REQUIRED WORK: Beginning with the line that has "Enteric Softgels, image-hi-res" and ending with the line that has "Still Life Freesias-Christopher", retype the entries below exactly, except for the pictures.

RECORD EXCERPTS:
***

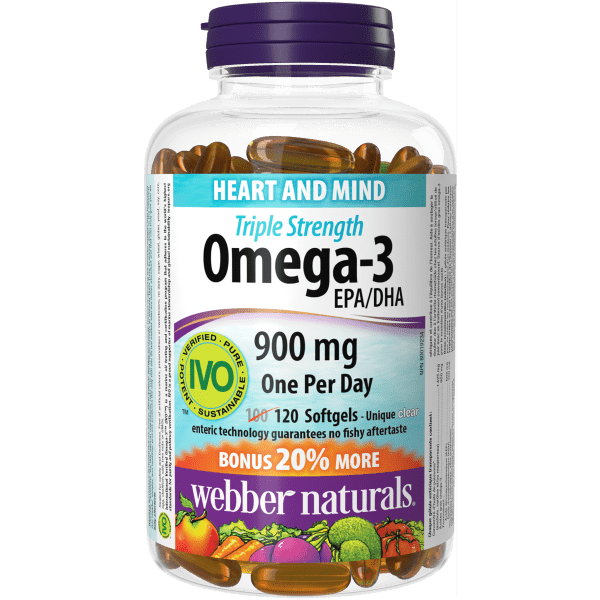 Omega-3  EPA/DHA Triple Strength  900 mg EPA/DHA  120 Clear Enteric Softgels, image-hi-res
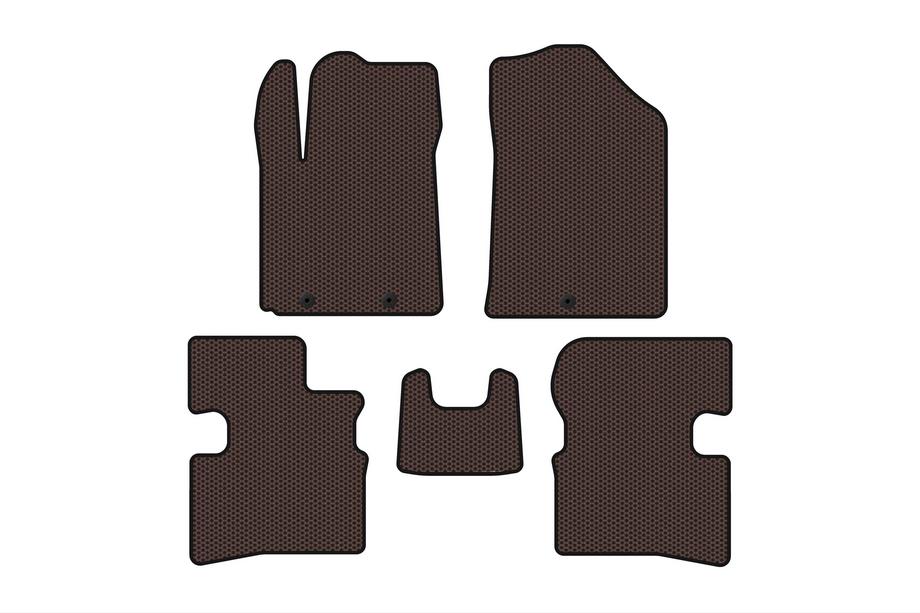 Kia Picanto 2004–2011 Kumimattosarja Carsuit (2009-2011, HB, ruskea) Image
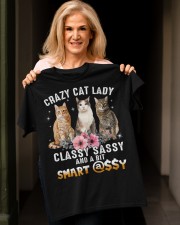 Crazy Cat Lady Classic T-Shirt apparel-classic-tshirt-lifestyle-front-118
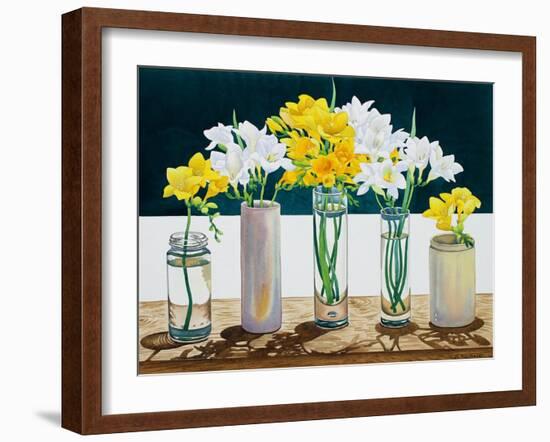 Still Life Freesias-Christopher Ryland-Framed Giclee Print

***

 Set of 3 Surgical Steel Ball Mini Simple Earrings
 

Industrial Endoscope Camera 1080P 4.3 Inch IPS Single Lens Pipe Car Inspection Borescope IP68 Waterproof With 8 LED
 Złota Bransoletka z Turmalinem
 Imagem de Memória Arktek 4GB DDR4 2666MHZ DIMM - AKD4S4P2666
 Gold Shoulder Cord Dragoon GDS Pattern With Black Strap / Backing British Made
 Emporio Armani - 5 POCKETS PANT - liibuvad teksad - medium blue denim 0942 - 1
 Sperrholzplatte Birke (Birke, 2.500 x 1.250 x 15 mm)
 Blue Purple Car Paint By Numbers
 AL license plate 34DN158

***

EXPECTED ANSWER:
 Omega-3  EPA/DHA Triple Strength  900 mg EPA/DHA  120 Clear Enteric Softgels, image-hi-res
 Kia Picanto 2004–2011 Kumimattosarja Carsuit (2009-2011, HB, ruskea) Image
 Crazy Cat Lady Classic T-Shirt apparel-classic-tshirt-lifestyle-front-118
 Still Life Freesias-Christopher Ryland-Framed Giclee Print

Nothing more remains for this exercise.